In summary, the PCSWMO and Drainage Charge are regulatory obligations requiring property owners to manage a specific volume of stormwater runoff and pay a fee based on their impervious area, respectively. The Green Credit program, on the other hand, is an incentive-based initiative that rewards new development for meeting the regulatory requirements by lowering their monthly drainage charge and motivates existing property owners and further development to exceed the minimum requirements of stormwater management and reduce their impervious area, which can lead to a reduction in their drainage charges. While the regulatory obligations ensure a baseline level of stormwater management is maintained, the incentive program fosters an environment of continuous improvement and greater involvement in sustainable practices.

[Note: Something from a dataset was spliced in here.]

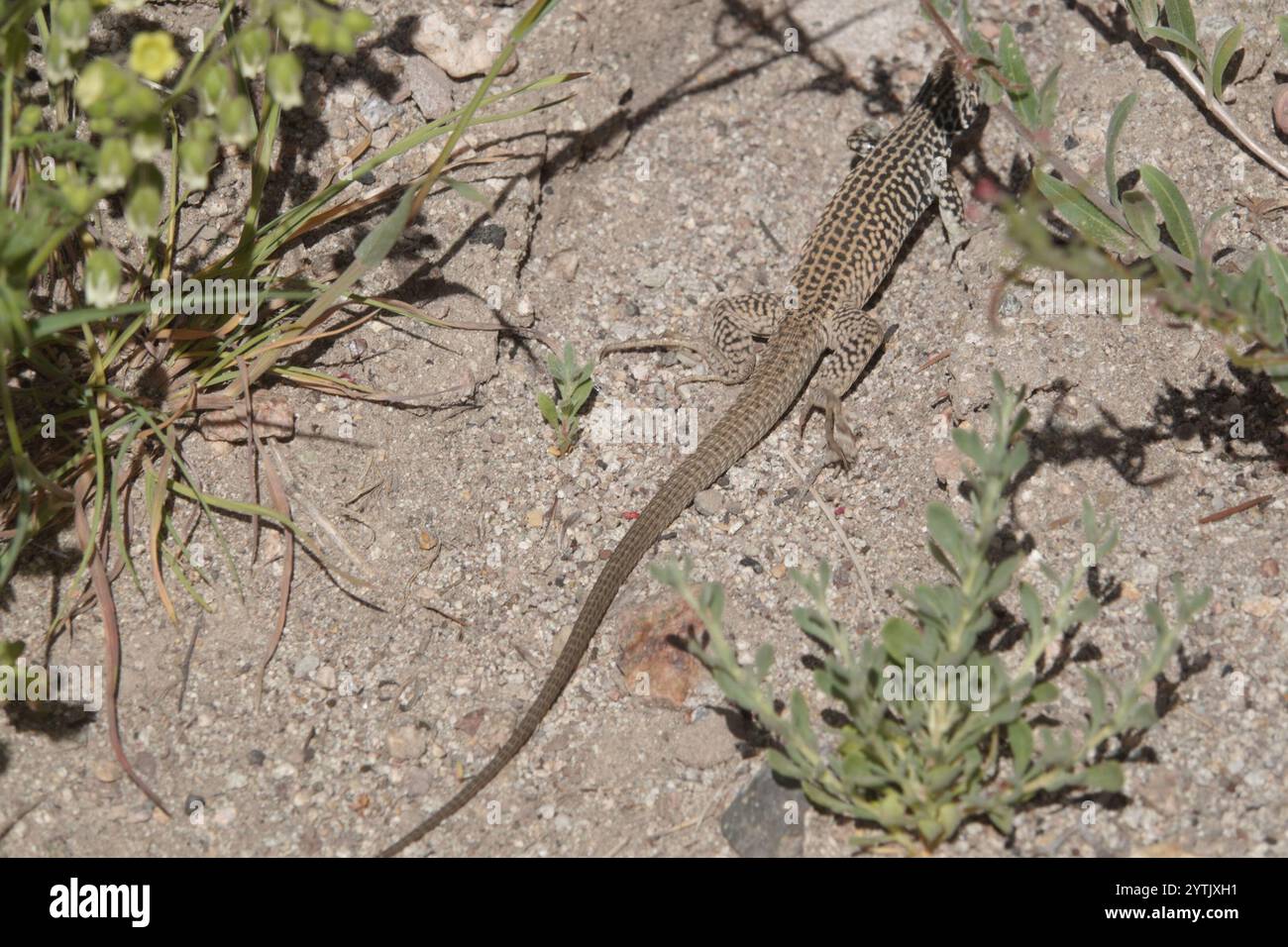 Coda di frusta occidentale (Aspidoscelis tigris) Foto Stock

Residents of Detroit, Michigan, are facing a growing problem of urban flooding. This issue is mainly due to the city’s outdated water and sewer infrastructure, more frequent severe weather events, and other factors that are causing flooded basements and neighborhoods. A recent survey indicated that 43 percent of Detroit households experienced flooding between 2012 and 2020 (Sampson et al. Reference Sampson, White-Newsome, Gronlund, Leaphart, Miller, Steis Thorsby, Larson, Jackson, Ackerman, Washington and Thompson2021).
The root of Detroit’s flooding issues is the outdated combined-sewer system, which accounts for 97 percent of the city’s infrastructure. This system must be able to handle both sanitary flow during dry periods and runoff caused by storms during wet-weather events. Detroit was one of the last major cities in Michigan to adopt a PCSWMO, a measure that helps to reduce the impact of additional stormwater runoff from new private development. Additionally, the city was exempt from adhering to county stormwater regulations, which has compounded the issue.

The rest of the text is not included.